■ TASK PROMPT ■
Only one stretch of the data below should be repeated: the lines from the line containing "before and after image" through the line containing "سرطان الرئة قتل نحو 5 آلاف جزائري في 2020", inclusive, exactly as they are.

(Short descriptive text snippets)
>>>
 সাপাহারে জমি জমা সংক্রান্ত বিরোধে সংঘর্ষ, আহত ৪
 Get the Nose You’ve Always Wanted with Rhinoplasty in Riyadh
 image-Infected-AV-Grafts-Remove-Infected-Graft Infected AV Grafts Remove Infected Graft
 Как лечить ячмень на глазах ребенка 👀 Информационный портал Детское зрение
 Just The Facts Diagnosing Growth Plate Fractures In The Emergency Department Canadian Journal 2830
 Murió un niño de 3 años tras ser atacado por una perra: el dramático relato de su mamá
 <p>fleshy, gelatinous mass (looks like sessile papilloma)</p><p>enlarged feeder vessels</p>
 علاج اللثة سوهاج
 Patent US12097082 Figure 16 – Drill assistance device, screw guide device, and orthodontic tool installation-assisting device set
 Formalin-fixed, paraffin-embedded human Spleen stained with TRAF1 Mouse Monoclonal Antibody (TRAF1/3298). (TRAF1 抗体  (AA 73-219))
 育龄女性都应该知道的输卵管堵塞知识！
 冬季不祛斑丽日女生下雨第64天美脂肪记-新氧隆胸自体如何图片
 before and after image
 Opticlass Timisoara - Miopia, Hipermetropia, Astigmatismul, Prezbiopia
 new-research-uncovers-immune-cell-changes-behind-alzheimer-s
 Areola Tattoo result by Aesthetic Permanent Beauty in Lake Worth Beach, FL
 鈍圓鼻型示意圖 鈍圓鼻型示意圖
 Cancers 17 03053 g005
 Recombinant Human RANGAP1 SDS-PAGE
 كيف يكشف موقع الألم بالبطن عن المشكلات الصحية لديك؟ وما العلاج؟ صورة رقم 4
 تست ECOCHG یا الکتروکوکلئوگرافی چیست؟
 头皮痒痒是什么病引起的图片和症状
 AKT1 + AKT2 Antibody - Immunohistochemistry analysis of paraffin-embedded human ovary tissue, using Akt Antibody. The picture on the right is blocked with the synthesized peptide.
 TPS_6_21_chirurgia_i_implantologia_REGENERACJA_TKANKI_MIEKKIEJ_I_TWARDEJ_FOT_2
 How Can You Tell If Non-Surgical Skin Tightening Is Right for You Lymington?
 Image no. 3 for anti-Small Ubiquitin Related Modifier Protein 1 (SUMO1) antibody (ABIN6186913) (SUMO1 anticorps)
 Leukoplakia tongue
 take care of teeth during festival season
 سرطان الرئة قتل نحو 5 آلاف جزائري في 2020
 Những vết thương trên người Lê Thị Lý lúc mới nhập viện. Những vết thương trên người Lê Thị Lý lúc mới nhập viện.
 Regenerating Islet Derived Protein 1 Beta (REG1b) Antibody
<<<
■ FINISHED EXERCISE ■
 before and after image
 Opticlass Timisoara - Miopia, Hipermetropia, Astigmatismul, Prezbiopia
 new-research-uncovers-immune-cell-changes-behind-alzheimer-s
 Areola Tattoo result by Aesthetic Permanent Beauty in Lake Worth Beach, FL
 鈍圓鼻型示意圖 鈍圓鼻型示意圖
 Cancers 17 03053 g005
 Recombinant Human RANGAP1 SDS-PAGE
 كيف يكشف موقع الألم بالبطن عن المشكلات الصحية لديك؟ وما العلاج؟ صورة رقم 4
 تست ECOCHG یا الکتروکوکلئوگرافی چیست؟
 头皮痒痒是什么病引起的图片和症状
 AKT1 + AKT2 Antibody - Immunohistochemistry analysis of paraffin-embedded human ovary tissue, using Akt Antibody. The picture on the right is blocked with the synthesized peptide.
 TPS_6_21_chirurgia_i_implantologia_REGENERACJA_TKANKI_MIEKKIEJ_I_TWARDEJ_FOT_2
 How Can You Tell If Non-Surgical Skin Tightening Is Right for You Lymington?
 Image no. 3 for anti-Small Ubiquitin Related Modifier Protein 1 (SUMO1) antibody (ABIN6186913) (SUMO1 anticorps)
 Leukoplakia tongue
 take care of teeth during festival season
 سرطان الرئة قتل نحو 5 آلاف جزائري في 2020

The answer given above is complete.